* **Dataset excerpt**
^^^^^^^^

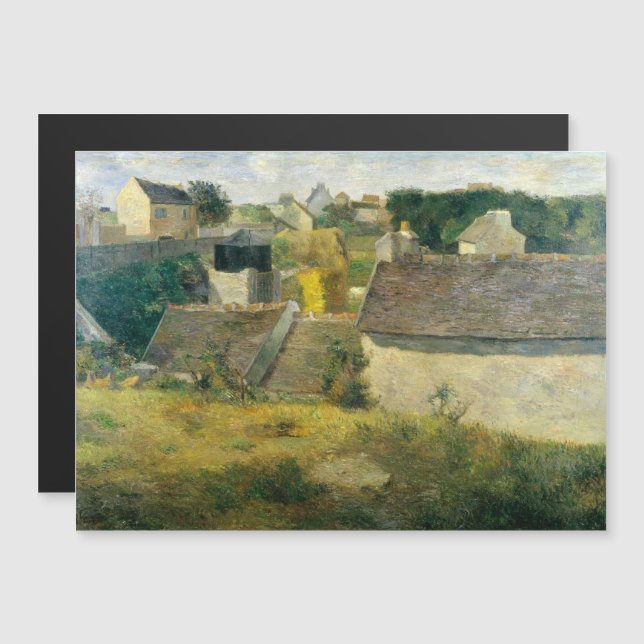 Carte Magnétique Maisons Paul Gauguin à Vaugirard (Devant / Derrière)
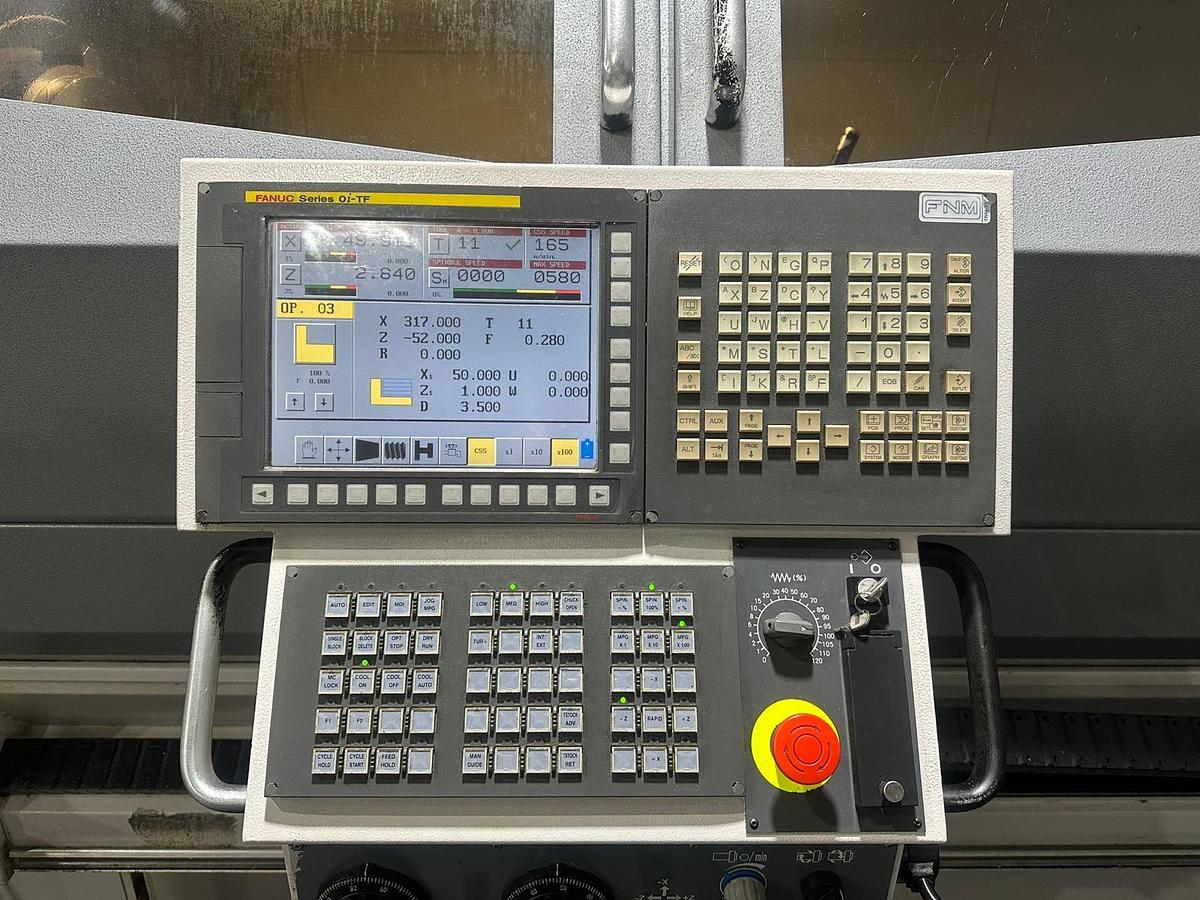 Used Harrison Alpha 1550 XS Manual / CNC Lathe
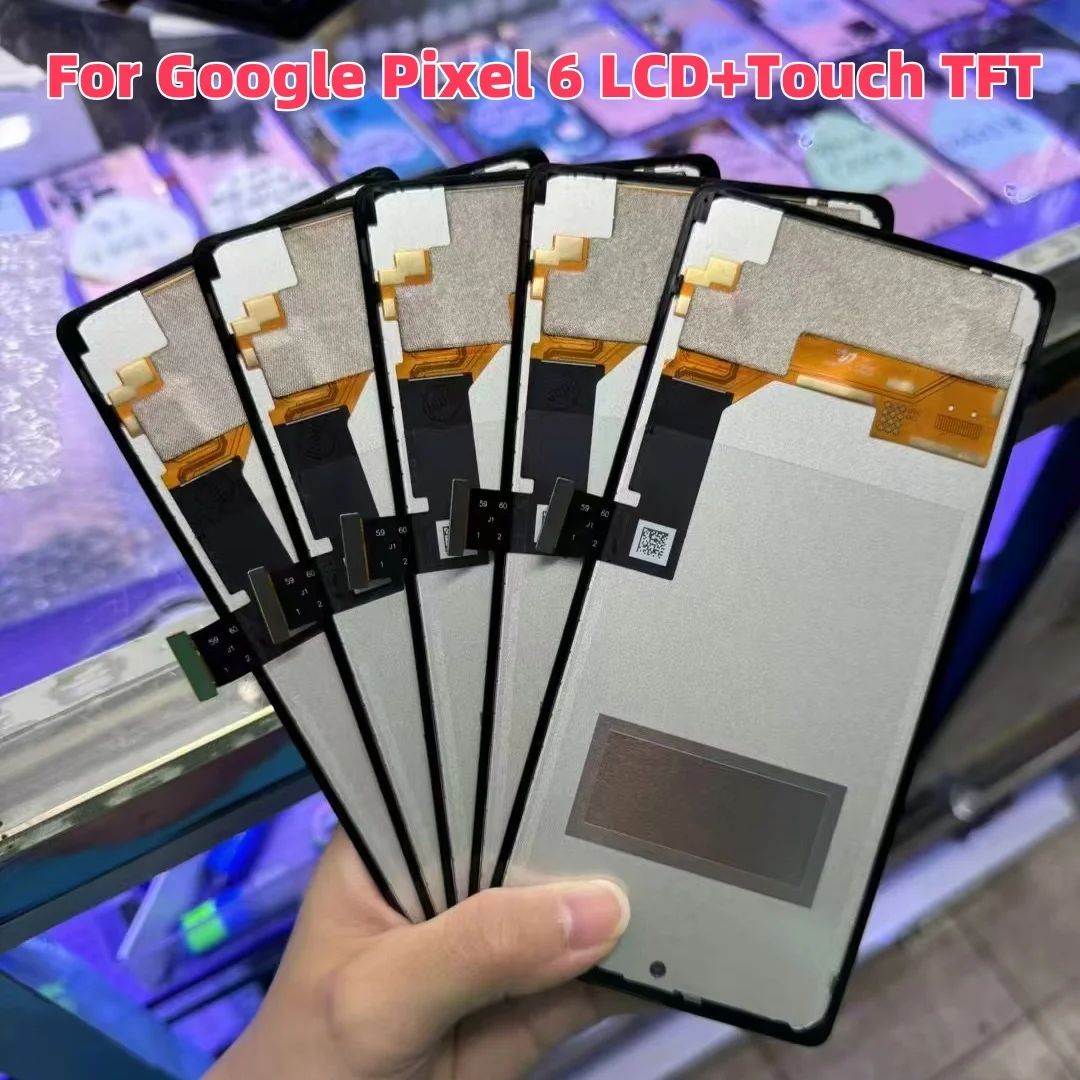 Tested For Google Pixel 6 LCD Display Touch Screen 6.4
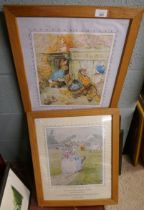 2 Beatrix Potter prints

^^^^^^^^

In your copy, reproduce the data above exactly and skip every picture.

 Carte Magnétique Maisons Paul Gauguin à Vaugirard (Devant / Derrière)
 Used Harrison Alpha 1550 XS Manual / CNC Lathe
 Tested For Google Pixel 6 LCD Display Touch Screen 6.4
 2 Beatrix Potter prints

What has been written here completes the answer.